Esperanzados por cambiar de página y empezar a vivir el futuro presente; olvidaron lo imprescindible de la vida y continuaron con su mirada perdida en lo inmediato. Dejaron a un lado todas las acciones que se habían tornado repetitivas a través del transcurso de su historia, consideraban que la vida era propia de su tiempo y que nada conservaba elementos pasados. Ignoraron que su cuerpo se había solidificado a través del miedo y el arrebato.


Mientras ellos olvidaban, la luna crecía, crecía y crecía; y ellos seguían adornándose las pestañas, peinando sus propósitos y alistándose para recibir un comienzo. Ya no faltaba más, era el toque final, todos estaban sonrientes de que sus errores pudiesen ser borrados por una corriente de viento con forma de tiempo; y pese a que muchos sentían un abismo en su estómago y tenían los nervios a flor de piel, prefirieron no decir nada, no identificaban si eran nervios por lo que se avecinaba en el futuro o si era miedo de que la esperanza fuera falsa; pues sabían con certeza de que la humanidad ya había cometido varios errores durante ese año.



Sin aviso ni permiso, un temblor ligero sacudió a la Tierra. Nadie se había percatado de que a inicios de la noche los pájaros volaban sin cantar y la luna crecía sin igual. La noche había dejado de ser obscura porque la luz entró de impacto.


Ya no había hacia dónde dirigir los ojos, las miradas chocaban y advertían en el otro un temor que era una constante en todo el planeta. La luz aumentaba y cada vez se volvía más sordo el ruido creado por los seres humanos, los pensamientos empezaban a desplegarse fuera del cuerpo, los cuerpos se volvían suaves y transparentes.

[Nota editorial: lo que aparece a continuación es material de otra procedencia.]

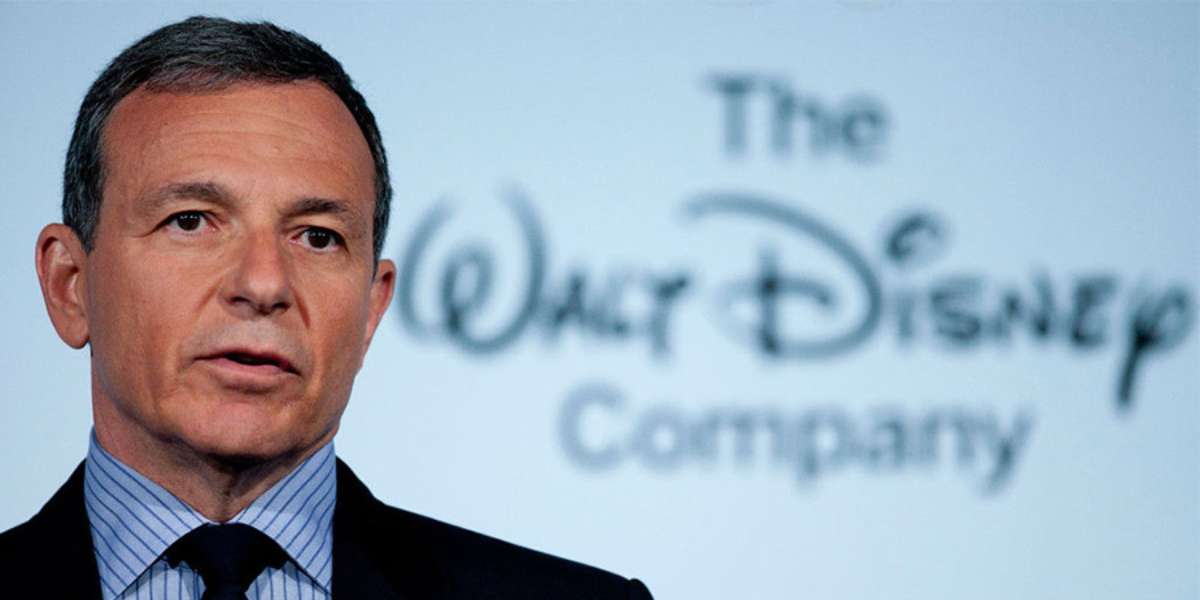 Disney supprime des films de Noël emblématiques et surprend les fans.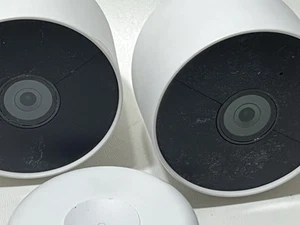 Google Nest Cam Telecamera di sicurezza per interni/esterni (confezione da 2) - Bianco - Foto 1 di 2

De repente, un silencio. Un silencio que nunca se había sentido sobre la faz de la Tierra.

Los pensamientos ya no eran más pensamientos, los cuerpos eran plumas que bailaban sobre la superficie brillante. La Tierra había sido abrazada por la Luna.




***

Ya era tarde, las manecillas del reloj apuntaban las 19:00. Habían quedado de llegar a casa del abuelo temprano. Salieron entusiasmadas, pese a que el año nuevo aún no empezaba, sentían una especie de transparencia y plenitud en su espíritu.


Cerraron la puerta principal y acomodaron todo en la cajuela del coche. Una de ellas volteó a ver el cielo: “¡Mira, que luna! Está hermosa” A lo que su hermana respondió: “Sí, la última luna del año”.